The telegraph changed society by giving Americans the ability to communicate long distances. The telegraph became important because it gave Americans the chance to send and receive messages at unprecedented speed and volume.
Professor Samuel Morse, an instructor at New York University, created the first version of the telegraph in the 1830s. Although it was relatively well-planned, the device required significant revisions before revolutionizing communications worldwide. The telegraph's invention fueled people's desire to send and receive information and news from far distances in order to understand what was going on in the world.
The Evolution of the First Electric Telegraph
Morse devised a plan for the telegraph in the late 1700s. However, he did not construct a working device until the 1830s. Although many others proposed similar concepts, Morse secured federal funding to continue exploring the field of communication through the telegraph. After spending nearly a decade working on transmissions and ironing out technical kinks, Morse introduced a working telegraph in 1843. That telegraph allowed users on two ends to send and receive messages. However, it only operated over short distances. By 1844, Morse was able to transmit his first message from Washington, D.C., to Baltimore. Twenty years later, a telegraph line was laid from the United States to Europe under the Atlantic Ocean.
Why Samuel Morse Invented the Telegraph
British inventors Sir Charles Wheatstone and Sir William Cooke developed a rudimentary telegraph system using magnetic needles that moved by electric current to point out letters and numbers. The system was used in Britain for railroad signals. Back in the U.S., Morse was fascinated by the concept of electromagnetism, a term he learned while overseas. He decided to take his interests and produce a single-circuit telegraph that worked with a battery. Morse worked with researchers Leonard Gale and Alfred Vail to push forward to perfect the telegraph, receiving funding from Congress in 1943 to test their system. The first message from Washington, D.C. to Baltimore was sent May 24, 1844 and said, "What hath God wrought!"
How the Telegraph Worked
The later electric telegraph worked by transmitting electrical signals over wires between stations. The electrical signals developed by Morse were named after him as Morse code. The code used a set of dashes and dots to represent each letter of the alphabet that made it simple to transmit longer messages through the lines. For example, the internationally recognized distress signal, SOS, was fast and easy to remember and transmit, according to History. An S was three dots and an O was three dashes.

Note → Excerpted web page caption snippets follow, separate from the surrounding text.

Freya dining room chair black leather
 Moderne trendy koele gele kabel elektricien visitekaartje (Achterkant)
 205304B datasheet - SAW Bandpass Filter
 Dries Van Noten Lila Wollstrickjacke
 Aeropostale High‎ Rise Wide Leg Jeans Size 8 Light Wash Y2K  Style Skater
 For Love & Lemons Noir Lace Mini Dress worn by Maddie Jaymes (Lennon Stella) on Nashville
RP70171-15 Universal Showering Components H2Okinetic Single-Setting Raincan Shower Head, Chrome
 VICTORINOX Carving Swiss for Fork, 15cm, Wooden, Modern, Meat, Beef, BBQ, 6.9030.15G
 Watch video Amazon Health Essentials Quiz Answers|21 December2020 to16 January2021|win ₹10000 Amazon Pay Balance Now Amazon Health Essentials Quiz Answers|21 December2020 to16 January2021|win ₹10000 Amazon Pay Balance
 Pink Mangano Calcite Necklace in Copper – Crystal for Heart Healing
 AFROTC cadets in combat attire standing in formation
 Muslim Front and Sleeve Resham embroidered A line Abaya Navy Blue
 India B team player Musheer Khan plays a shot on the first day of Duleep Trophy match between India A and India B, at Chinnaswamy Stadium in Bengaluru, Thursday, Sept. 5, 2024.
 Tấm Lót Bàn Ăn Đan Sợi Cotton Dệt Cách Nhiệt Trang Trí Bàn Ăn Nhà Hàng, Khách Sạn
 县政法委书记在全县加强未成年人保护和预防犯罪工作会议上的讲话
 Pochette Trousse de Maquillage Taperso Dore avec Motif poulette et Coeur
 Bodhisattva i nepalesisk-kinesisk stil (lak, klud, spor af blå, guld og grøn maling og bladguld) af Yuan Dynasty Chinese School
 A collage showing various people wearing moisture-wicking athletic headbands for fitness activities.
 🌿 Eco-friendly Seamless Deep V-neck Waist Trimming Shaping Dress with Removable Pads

Common Uses for Telegraphs
The electric telegraph helped the military communicate tactically in war zones and let journalists and newspapers send and receive news fast and efficiently, which made information timely. Soon, money could be "wired" long-distance. The railroad lines relied on telegraphy, making it possible to know departures and arrivals of trains.
Modern Forms of Long-distance Communications
Seeing the potential for faster communications, others joined the race to improve the telegraph. Western Union staked claim to the first telegraph, allowing successful communications between the Atlantic and Pacific coasts in 1861, while rapid improvements in technology allowed delivery and receipt of international messages in the early 20th century.
The telegraph succeeded mail, which took days and weeks to arrive, before being replaced by radio and television. The beginning of the 21st century witnessed the replacement of the telegraph by the telephone, then later the fax machine. The Internet and cellular technology have since taken over long-distance communications.